Brian Reid’s (Rebeldad) post in today’s Washington Post OnBalance Blog–“Flexibility for Those in Less-Than-Flexible Jobs”–confirms, once again, why we need to stop making the objective “work-life balance” and make it “work+life fit.” He discusses how individuals with jobs such as forest rangers, and nurses where your physical presence is required (for the most part) have a harder time achieve work-life balance, and then compares it to the flexibility available to those with technical responsibility can achieve.
Here’s the deal:
• Each and every one of us is going to have a completely different work+life solution depending upon our unique set of work and personal realities–or work+life “fit”. With a forest ranger, there are certain responsibilities and tasks related to that job that will limit some types of flexibility (e.g telecommuting), but could allow another type (e.g. change in how or when they work) outside of the traditional box. The same goes for a nurse. This doesn’t mean their jobs are “inflexible,” in just means the type of flexibility is going to be contextualized to that job. In fact, I’ve helped employees in numerous organizations with jobs traditionally considered “in flexible” find it. Again, it’s how you define what you are trying to achieve.

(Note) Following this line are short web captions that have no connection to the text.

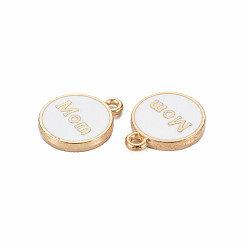 White Alloy Enamel Charms, Cadmium Free & Lead Free, Light Gold, Flat Round with Mom, White, 14.5x12x2mm, Hole: 1.4mm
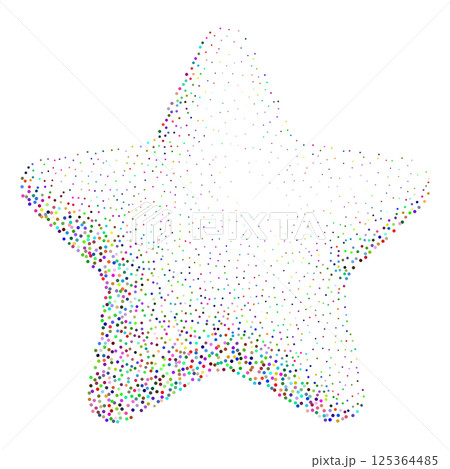 Star made of colorful stipple dots Star made of colorful stipple dots 125364485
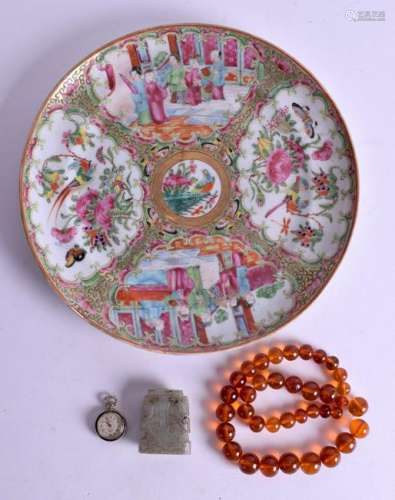 A 19TH CENTURY CHINESE CANTON FAMILLE ROSE DISH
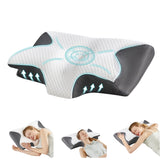 The JHK Ergonomic 23.6"x13.8" Cervical Neck Memory Foam Pillow with a cooling pillowcase is shown in white, gray, and blue; three images display a woman sleeping on her side, back, and stomach using the pillow.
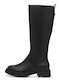 Leather Women's Boots with Zipper / Rubber Black
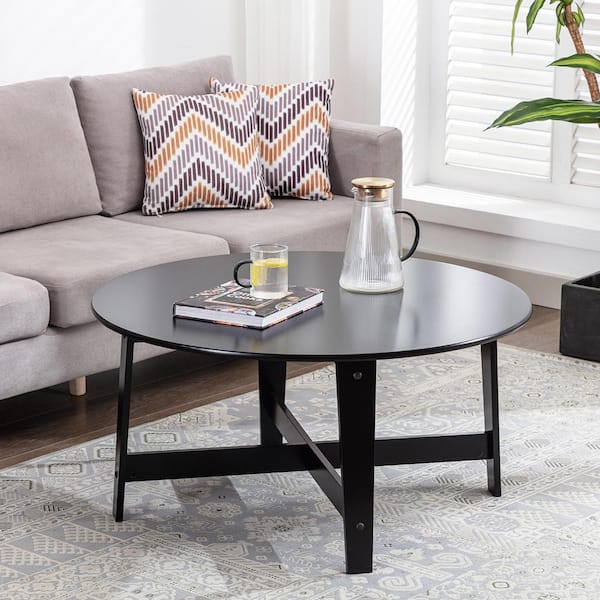 ACE CASUAL FURNITURE 35.98 in. W Black Round MDF Coffee Table
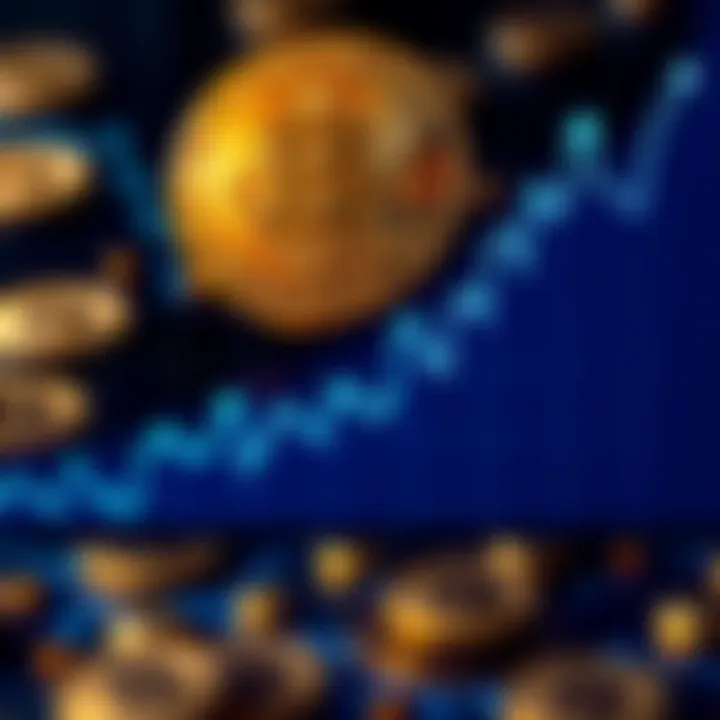 Graph showing Bitcoin price fluctuations with an upward trend and digital coins in the background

• An individual’s circumstances will change throughout the countless transitions they experience during the course of their life and career, that “fit” will adjust and change too. Yet, for too many people, “balance” has become a noun. This nirvana destination that they never seem to achieve. When the truth is that managing your work+life fit is a dynamic, everchanging process. And what works for you today may not look anything like what works for the person sitting next to you doing the very same job, or with the very same personal circumstances. This is why defining it as your unique “work+life fit” opens up countless possibilities of what “can” work rather than focusing on what can’t. A for some people, the shared care of kids on different shifts works, for others it doesn’t.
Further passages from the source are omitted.